Théodore Jacques Ralli

40,000 - 50,000 GBP
bidding is closed


  • Théodore Jacques Ralli
  • The Offering
  • signed Ralli (lower left)
  • oil on canvas
  • 55 by 47cm., 21½ by 18½in.


Vassilis Korkolopoulos
Private collection, Greece


Giannoula Kaplanis, Tobacco Boxes from the V. Korkolopoulos Collection, Athens, 2004, illustrated on the cover
Maria Katsanaki, Le Peintre Théodore Ralli (1852-1909) et son oeuvre, Doctoral Thesis, Paris, 2007, vol. I, p. 291, mentioned; vol. II, p. 562, no. 366, catalogued & illustrated; vol. III, fig. 99, illustrated

Catalogue Note

The present work is indeed one of Ralli's most erotically charged works.
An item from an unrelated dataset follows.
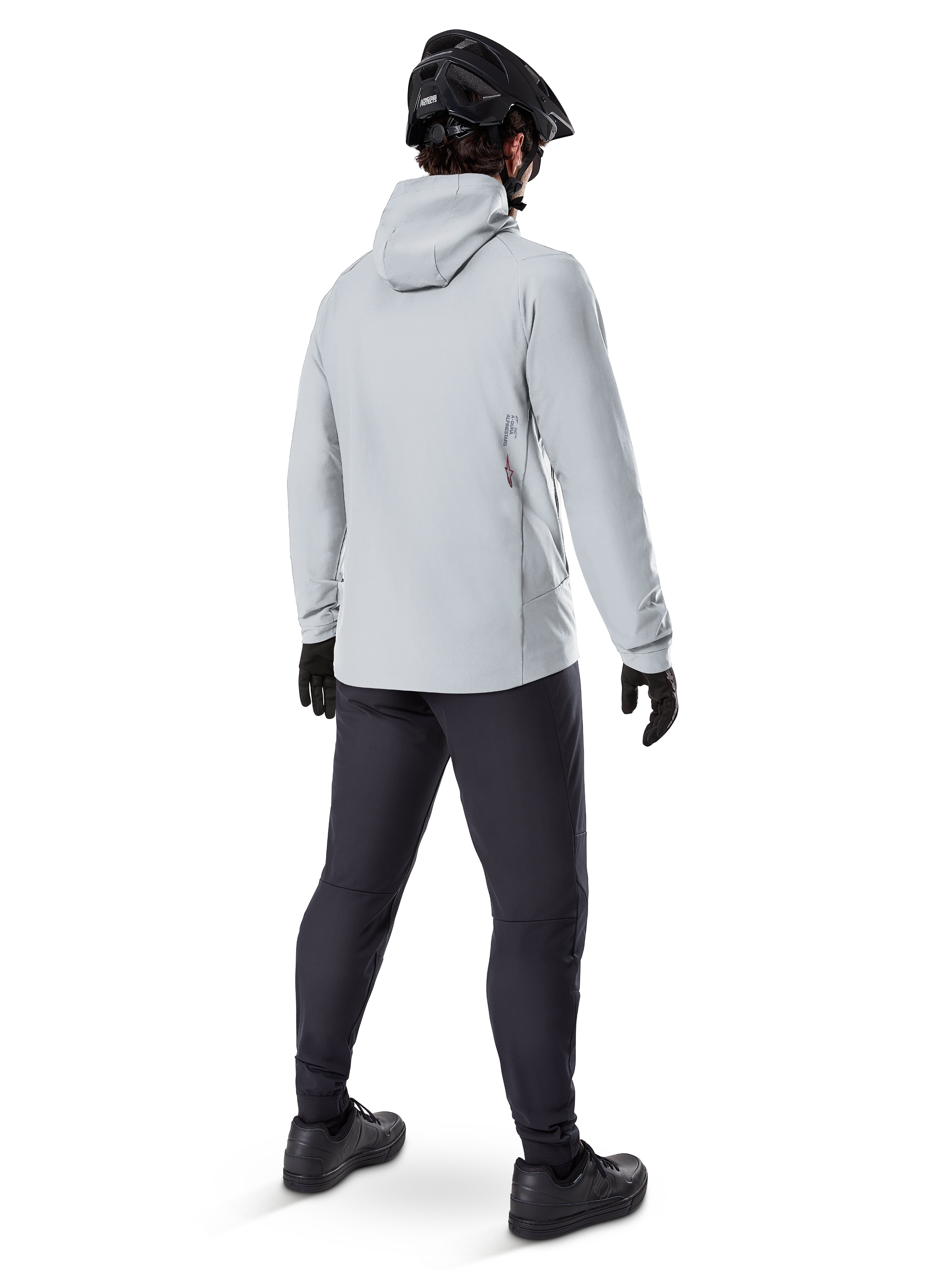 Giacca termica Alpinestars A-Dura in Titanium, vista posteriore di un ciclista che indossa una giacca termica grigio chiaro con cappuccio, abbinata a casco da MTB nero, guanti neri e pantaloni grigio scuro, abbigliamento tecnico per mountain bike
Sitting languidly on a throne is a young girl, entirely naked. The incense burning to the left has induced her into a deep sleep, as petals drop to the floor from her open hands. While contemplating this work one cannot disregard the ambiguity of the title and ask oneself what is the offering, whether the flowers, brought to the altar by the young girl, or the girl herself, offering her body to the divinity in a moment of ecstasy. Whatever the meaning, this ambiguity certainly adds a layer of sensuality to this intriguing and beautiful work.  

Born in Constantinople, Ralli pursued a thoroughly international career. While Paris became his home early on, throughout his life he travelled frequently to Greece and the Middle East, often spending the winter months in Cairo. From the 1870s he trained alongside other foreign painters in the studio of leading pompier painter Jean-Léon Gérôme, whose legendary draughtsmanship and photographic finish provided a model of perfection Ralli emulated with great success.

Ethnographic precision and exactitude were Ralli's guiding principles, yet his compositions are enhanced by a fine sense of narrative and a delight in the exotic. Like Gérôme he returned time and again to scenes from the hammam, whose voyeuristic associations assured strong commercial appeal. As Maria Katsanaki noted, 'Ralli showed a special preference for the moments of relaxation and enjoyment which followed the ritual of bathing. In these scenes he depicts his models with luminous velvet skin lying about languidly, towelling themselves gracefully or stretching coquettishly'('Images of the Orient in Greek Painting' in Marina Lambraki-Plaka ed., Four Centuries of Greek Painting, Athens, 1999, p. 95).